One of the most common head-scratchers for folks getting into **Machine Learning** is:  
> **Where does that "1" come from when we multiply the bias?**

Let’s clear it up with a super intuitive, real-world example: **calculating taxi fares**.

---

## Real-World Use Case: Taxi Pricing

A taxi charges according to this formula:

$$ \text{Fare} = 2.50 + 1.30 \times \text{km} $$

That’s just a straight line:

$$ y = b + m x $$

Or, in ML notation:

$$ y = w_0 + w_1 x $$

Where:
- **\$2.50** is the **flag drop** (fixed base fare, regardless of distance). This is the **intercept** or **bias**.
- **\$1.30/km** is the per-kilometer rate. This is the **slope** or **weight** of the input feature $x$.

### The Big Question

How do we express this in **matrix form** so we can compute **multiple fares at once**?

The base fare (\$2.50) doesn’t depend on any input variable — it’s constant. But in matrix multiplication, **every weight needs to be multiplied by something**.

**Solution:** Multiply the constant term by **1**.

$$ \text{Fare} = 2.50 \times \boxed{1} + 1.30 \times \text{km} $$

That **"1"** is what lets us fold the bias into clean, elegant **matrix notation**.

---

## Case 1: One Ride

Let’s compute the fare for a 10 km ride using **matrix math**.

```python
import numpy as np

# One ride: [1, km]
# The 1 is for the flag drop
x = np.array([1, 10])  # [bias, kilometers]

# Weights: [flag_drop, price_per_km]
w = np.array([2.5, 1.3])

# Compute fare
fare = x @ w  # Same as x.dot(w)

print(f"Ride: {x[1]} km")
print(f"Fare: ${fare:.2f}")
print(f"\nBreakdown:")
print(f"  Flag drop:     {w[0]} × {x[0]}  = ${w[0] * x[0]:.2f}")
print(f"  Per km:        {w[1]} × {x[1]} = ${w[1] * x[1]:.2f}")
print(f"  Total:                       ${fare:.2f}")
```

**Output:**
```
Ride: 10 km
Fare: $15.50

Breakdown:
  Flag drop:     2.5 × 1  =  $2.50
  Per km:        1.3 × 10 = $13.00
  Total:                    $15.50
```

### Matrix Notation (Single Sample)

$$ \hat{y} = \mathbf{x}^T \mathbf{w} = \begin{bmatrix} 1 & 10 \end{bmatrix} \begin{bmatrix} 2.5 \\ 1.3 \end{bmatrix} = 15.5 $$

**Dimensions:** $\mathbf{x}^T_{1 \times 2} \cdot \mathbf{w}_{2 \times 1} = \hat{y}$ (scalar)

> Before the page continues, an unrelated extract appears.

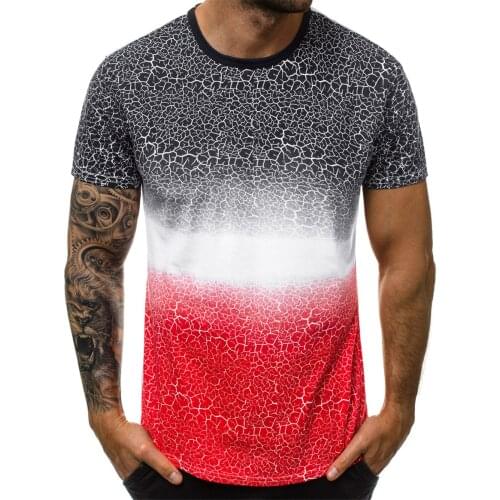 3D Printed T-Shirt Men 2021 Summer Digital Printing Gradient Short Sleeve O-Neck Fashion Tee Casual Sports Tops Plus Size 3XL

### General Formula (One Sample, $n$ Features)

$$ \hat{y} = \mathbf{x}^T \mathbf{w} = \begin{bmatrix} 1 & x_1 & x_2 & \cdots & x_n \end{bmatrix} \begin{bmatrix} w_0 \\ w_1 \\ w_2 \\ \vdots \\ w_n \end{bmatrix} $$

**Dimensions:** $\mathbf{x}^T_{1 \times (n+1)} \cdot \mathbf{w}_{(n+1) \times 1} = \hat{y}$

---

## Case 2: Multiple Rides (Batch Processing)

In ML, we **never** process one sample at a time. We work in **batches**.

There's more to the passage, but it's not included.